Yesterday Beijing announced that it would ban coal by 2020, and it’s easy to understand why…
The Municipal Environmental Protection Bureau in the city plans to use natural gas for heat and electricity as it tries to wean itself off of dirty – yet cheap – coal-fired power.
Over the last year the Chinese government has raised the ire of citizens in large cities plagued by thick, polluted air. Nearly one-quarter of the smog is directly related to coal-fired power plant and heating facilities in and around the city of 21 million people.
The ban in China’s capital may be a step in the right direction, but let’s not forget that the ban doesn’t take effect for another six years. By that time, China’s coal consumption will have already surged to record highs.
Even though the Central Government has made environmental protection a priority along with economic growth, there simply is too much at stake and too many people in China to incentivize the government to dramatically cut coal use.
Remember, 69% of China’s electricity consumption comes from coal…
In fact, you can see above that coal and oil account for 87% of China’s total energy consumption!
And as China’s GDP has grown dramatically over the last decade, their economic success can be attributed to coal. It’s cheap, abundant, and easily distributed throughout China’s large cities.
Now, the smog problems plaguing those densely crowded municipalities have pushed the government to alter its grid.
You’ll also notice in the chart above that natural gas represents only 4% of China’s consumption, but with the new ban on coal in Beijing and more coming by 2015, it looks as though China – like the U.S. – could be the transitional fuel they’ve been looking for.
This comes after news broke at the end of May that China and Russia agreed to a $400 billion gas deal. Once the deal takes effect, China stands to receive 38 billion cubic feet of gas per year for the next three decades.
Of course, that will only cover a small portion of their gas consumption, which stands to explode as more bans on coal like the one announced yesterday become law in other cities.
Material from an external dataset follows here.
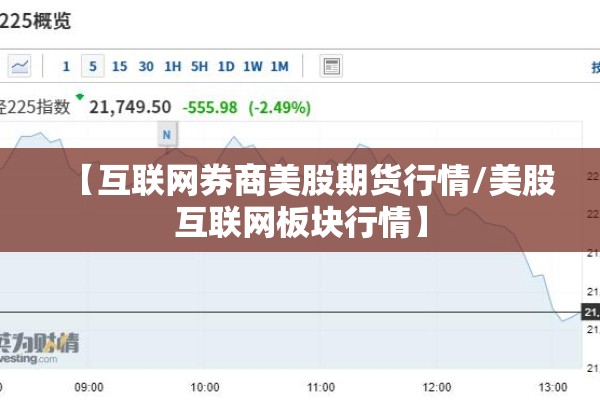 【互联网券商美股期货行情/美股互联网板块行情】 【互联网券商美股期货行情/美股互联网板块行情】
Luckily, China has plenty of natural gas reserves they could use as a bridge away from coal…
Unfortunately, developing these gas resources will take some time. The country only recently began drilling its first shale gas wells, and the economics just aren’t there yet. It takes roughly $14 million for one shale gas well in China which translates into $11.20 per MMBtu.
But as the United States prepares to export natural gas – as soon as December 2015 – China could find relief from the smog and the costs of their own reserves by way of Louisiana, Texas, and the rest of the U.S.’s shale gas which costs less than $4 per MMBtu.
In any event, the ban on coal is a major surprise, especially in the capital city of Beijing where the economic growth at all costs strategy has held sway for years. And this new transition which is expected to cost up to $13 billion shows that China is serious about pollution.